Copy the entries below exactly. Images do not belong in the copy.

• DATA EXTRACTS
======
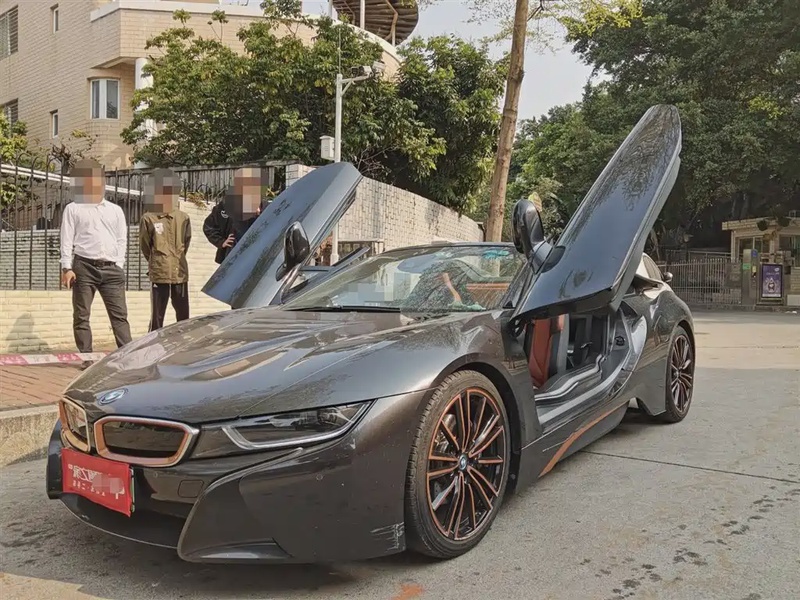 BMW i8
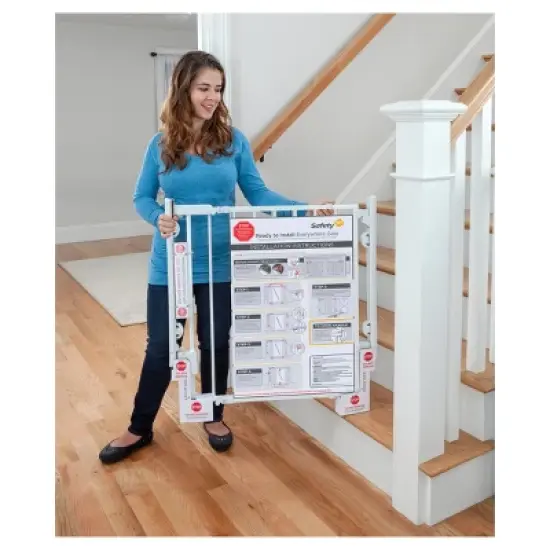 Safety 1st Ready to Install Gate, Fits between 29" and 42" image {2}
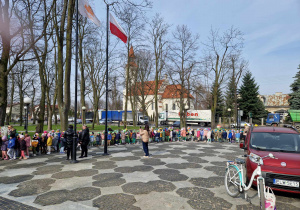 Dzieci pozują do zdjęcia w dużej grupie w parku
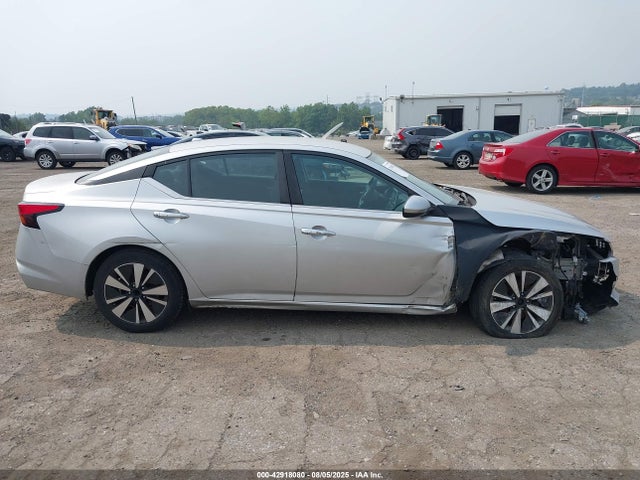 Nissan 2020 2020 1N4BL4BV1LC246581 Image 13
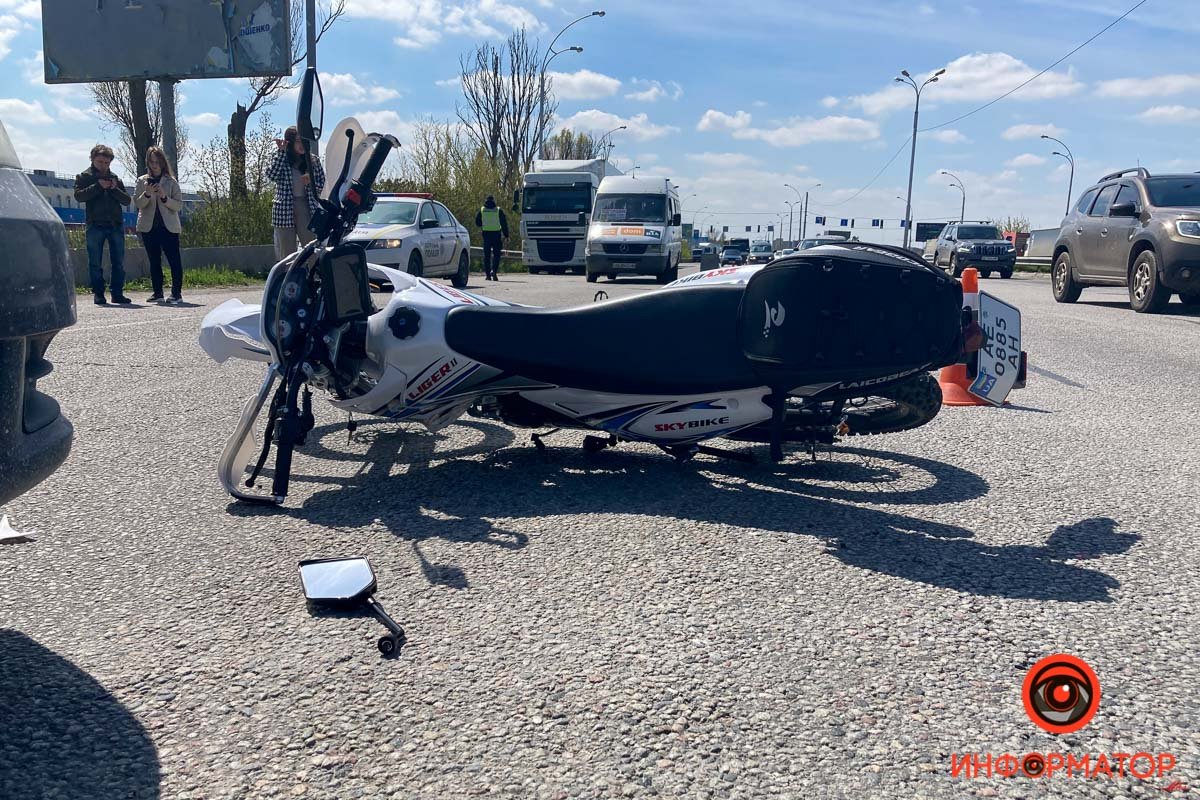 Водителя мотоцикла увезли в 6 больницу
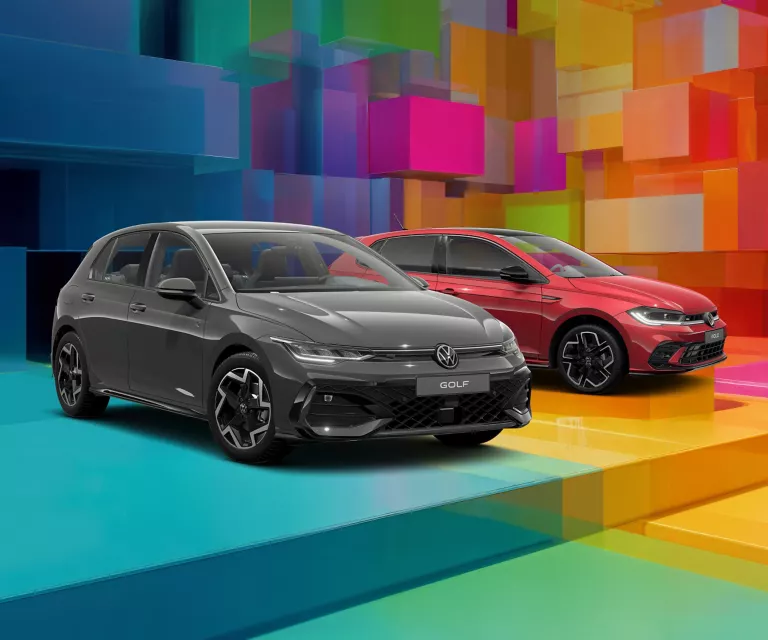 Zwei VW-Modelle vor einem bunten, geometrischen Hintergrund aus leuchtenden 3D-Blöcken.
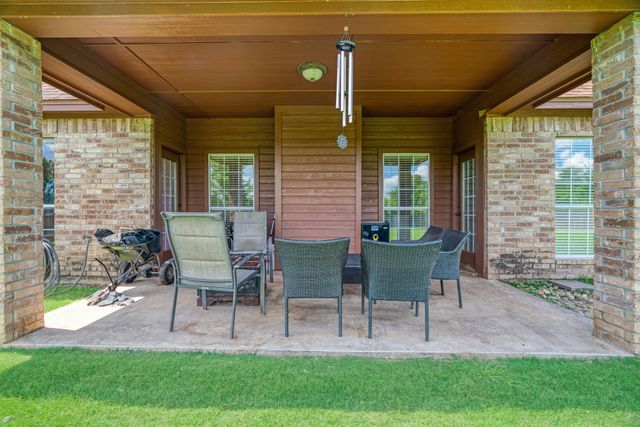 3630 Darnell Drive, Paris, TX 75462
======
• WRITTEN ANSWER
 BMW i8
 Safety 1st Ready to Install Gate, Fits between 29" and 42" image {2}
 Dzieci pozują do zdjęcia w dużej grupie w parku
 Nissan 2020 2020 1N4BL4BV1LC246581 Image 13
 Водителя мотоцикла увезли в 6 больницу
 Zwei VW-Modelle vor einem bunten, geometrischen Hintergrund aus leuchtenden 3D-Blöcken.
 3630 Darnell Drive, Paris, TX 75462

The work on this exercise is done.